Problem requirements →
Give the number of lines in the data below that contain "image", with no other words.

[Items from a dataset]
*** Begin section ***

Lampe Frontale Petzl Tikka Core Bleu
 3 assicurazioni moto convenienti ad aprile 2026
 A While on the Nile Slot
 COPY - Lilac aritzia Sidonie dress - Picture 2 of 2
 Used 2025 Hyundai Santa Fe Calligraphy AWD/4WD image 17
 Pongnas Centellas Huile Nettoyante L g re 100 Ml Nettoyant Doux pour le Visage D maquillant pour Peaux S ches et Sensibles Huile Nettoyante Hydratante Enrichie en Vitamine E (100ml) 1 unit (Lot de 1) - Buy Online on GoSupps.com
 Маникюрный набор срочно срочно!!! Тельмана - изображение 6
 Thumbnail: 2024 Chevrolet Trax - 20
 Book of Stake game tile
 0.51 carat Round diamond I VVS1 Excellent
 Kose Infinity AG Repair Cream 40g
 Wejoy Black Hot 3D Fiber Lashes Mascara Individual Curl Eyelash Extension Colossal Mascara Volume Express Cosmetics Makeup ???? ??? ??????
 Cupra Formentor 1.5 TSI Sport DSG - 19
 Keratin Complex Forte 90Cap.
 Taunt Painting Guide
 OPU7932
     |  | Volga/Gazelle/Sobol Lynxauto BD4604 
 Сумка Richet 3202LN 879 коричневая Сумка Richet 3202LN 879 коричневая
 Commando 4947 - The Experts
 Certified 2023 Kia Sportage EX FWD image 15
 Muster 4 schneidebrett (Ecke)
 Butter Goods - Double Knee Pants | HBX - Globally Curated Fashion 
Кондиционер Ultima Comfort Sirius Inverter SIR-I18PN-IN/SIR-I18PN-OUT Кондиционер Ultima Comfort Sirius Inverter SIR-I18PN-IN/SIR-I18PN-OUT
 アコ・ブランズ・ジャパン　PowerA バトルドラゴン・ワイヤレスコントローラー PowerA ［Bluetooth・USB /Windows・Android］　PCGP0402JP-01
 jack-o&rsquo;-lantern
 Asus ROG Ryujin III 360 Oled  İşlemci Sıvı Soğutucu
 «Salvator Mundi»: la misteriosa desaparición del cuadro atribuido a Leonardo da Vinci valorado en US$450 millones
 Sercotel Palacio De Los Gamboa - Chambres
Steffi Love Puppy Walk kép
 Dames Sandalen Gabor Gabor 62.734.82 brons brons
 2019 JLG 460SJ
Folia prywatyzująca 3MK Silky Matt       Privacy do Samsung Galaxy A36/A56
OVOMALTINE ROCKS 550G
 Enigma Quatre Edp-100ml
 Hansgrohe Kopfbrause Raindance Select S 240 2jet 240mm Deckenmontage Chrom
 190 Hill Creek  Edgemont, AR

*** End section ***

Response to the exercise →
2